No caso, os indícios apontam que a sigla não recebia recursos financeiros há mais de um ano e não possuía sede própria, operando por meio de doações estimáveis em dinheiro, na sua maioria provenientes do presidente do partido, conforme os documentos juntados aos autos.

É razoável inferir desses elementos que o partido não movimentou recursos financeiros no exercício de 2015.

Em sentido semelhante, esta Corte já aprovou as contas de partido com ressalvas quando a conta bancária foi encerrada pela própria instituição financeira por ausência de trânsito de recursos:

Recurso. Prestação de contas anual. Partido político. Exercício financeiro 2014.

Matéria preliminar rejeitada. 1. Manutenção apenas do partido como parte no processo. A aplicabilidade imediata das disposições processuais da Resolução TSE n. 23.432/14, e mais recentemente da Resolução TSE 23.464/15, não alcança a responsabilização dos dirigentes partidários por se tratar de matéria afeta a direito material. Ausência de prejuízo e de resultado útil ao processo. 2. A intimação do órgão partidário pelo Diário Eletrônico da Justiça Eleitoral afasta o alegado cerceamento de defesa. Regularidade do ato de comunicação

processual, nos termos do art. 43 da Resolução n. 23.432/14.

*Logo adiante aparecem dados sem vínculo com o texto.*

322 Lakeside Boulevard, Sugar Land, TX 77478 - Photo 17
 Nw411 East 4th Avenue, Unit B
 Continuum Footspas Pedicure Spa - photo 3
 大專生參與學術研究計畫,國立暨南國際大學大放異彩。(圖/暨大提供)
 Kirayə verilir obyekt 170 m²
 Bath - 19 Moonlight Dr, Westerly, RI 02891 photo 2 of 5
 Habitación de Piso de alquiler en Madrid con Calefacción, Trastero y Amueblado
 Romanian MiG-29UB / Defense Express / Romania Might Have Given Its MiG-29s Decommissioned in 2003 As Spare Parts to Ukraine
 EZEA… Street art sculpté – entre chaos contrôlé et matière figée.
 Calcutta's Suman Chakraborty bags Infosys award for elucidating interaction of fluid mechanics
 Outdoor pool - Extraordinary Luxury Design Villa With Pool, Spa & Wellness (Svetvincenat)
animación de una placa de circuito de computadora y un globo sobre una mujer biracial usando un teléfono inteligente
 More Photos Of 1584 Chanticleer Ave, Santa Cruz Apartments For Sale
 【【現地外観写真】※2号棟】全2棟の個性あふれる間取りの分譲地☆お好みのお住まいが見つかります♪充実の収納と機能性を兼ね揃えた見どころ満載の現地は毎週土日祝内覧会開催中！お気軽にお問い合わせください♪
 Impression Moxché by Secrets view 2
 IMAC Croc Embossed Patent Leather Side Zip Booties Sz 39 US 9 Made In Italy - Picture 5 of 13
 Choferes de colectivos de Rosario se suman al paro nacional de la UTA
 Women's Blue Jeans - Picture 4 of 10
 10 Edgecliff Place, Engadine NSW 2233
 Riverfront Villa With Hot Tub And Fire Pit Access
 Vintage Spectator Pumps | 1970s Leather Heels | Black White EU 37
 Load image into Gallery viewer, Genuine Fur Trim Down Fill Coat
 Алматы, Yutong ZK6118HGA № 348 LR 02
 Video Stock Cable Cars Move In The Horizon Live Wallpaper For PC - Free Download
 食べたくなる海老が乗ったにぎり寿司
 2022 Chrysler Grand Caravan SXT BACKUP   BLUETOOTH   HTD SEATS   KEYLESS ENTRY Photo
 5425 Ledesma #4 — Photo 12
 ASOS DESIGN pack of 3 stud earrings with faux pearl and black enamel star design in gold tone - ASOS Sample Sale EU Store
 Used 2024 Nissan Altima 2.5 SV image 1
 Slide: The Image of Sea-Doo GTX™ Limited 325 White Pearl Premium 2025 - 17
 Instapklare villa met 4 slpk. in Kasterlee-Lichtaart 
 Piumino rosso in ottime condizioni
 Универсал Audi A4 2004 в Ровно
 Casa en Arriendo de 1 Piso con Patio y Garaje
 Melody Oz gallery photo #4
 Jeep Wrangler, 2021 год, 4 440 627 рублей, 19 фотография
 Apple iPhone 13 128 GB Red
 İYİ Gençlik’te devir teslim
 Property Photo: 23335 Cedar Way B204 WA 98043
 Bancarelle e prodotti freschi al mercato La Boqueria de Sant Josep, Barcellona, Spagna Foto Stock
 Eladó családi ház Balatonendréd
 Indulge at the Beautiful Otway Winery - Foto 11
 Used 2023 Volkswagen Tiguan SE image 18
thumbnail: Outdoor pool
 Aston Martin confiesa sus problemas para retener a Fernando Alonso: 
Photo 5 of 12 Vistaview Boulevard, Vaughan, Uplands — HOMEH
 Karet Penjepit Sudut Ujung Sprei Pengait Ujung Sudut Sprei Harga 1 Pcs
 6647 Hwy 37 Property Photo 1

Encerramento automático da conta corrente pelo banco em função da falta de movimentação financeira. Demonstrada a realização apenas de despesas operacionais, de pequeno valor, documentadas nos autos, situação em que a ausência de extratos bancários não possui a magnitude necessária para atrair a desaprovação das contas.

A jurisprudência do Tribunal Superior Eleitoral admite a mitigação da obrigatoriedade de abertura de conta bancária, nas prestações de contas anuais de partido político, quando a falha não obsta o controle e a fiscalização da Justiça Eleitoral. Entendimento incorporado na Lei n. 13.165/15, que instituiu a reforma eleitoral, ao dispor no § 4º do art. 32 da Lei n. 9.096/1995, que os órgãos partidários municipais que não hajam movimentado recursos financeiros ou arrecadado bens estimáveis em dinheiro ficam desobrigados de prestar contas à Justiça Eleitoral.

Reforma da sentença para aprovar a prestação de contas com ressalvas.

Provimento parcial.

(Julgado em 17.8.2016, publicação DEJERS - Diário de Justiça Eletrônico do TRE-RS, Tomo 151, Data: 19.8.2016, Página 3.)

Além disso, o parecer técnico conclusivo certificou a inexistência de recebimento de recursos do Fundo Partidário e manifestou-se pela aprovação das contas com ressalvas (fl. 123), não indicando maiores prejuízos causados à análise contábil.

Dessa forma, o prestador logrou superar a presunção de prejuízo causado pela ausência de abertura de conta bancária, conforme acima analisado, merecendo ser aprovadas com ressalvas as contas do partido.

Ante todo o exposto, VOTO pelo provimento do recurso para aprovar com ressalvas as contas do DEMOCRATAS (DEM) de MUITOS CAPÕES referentes à movimentação financeira do exercício de 2015.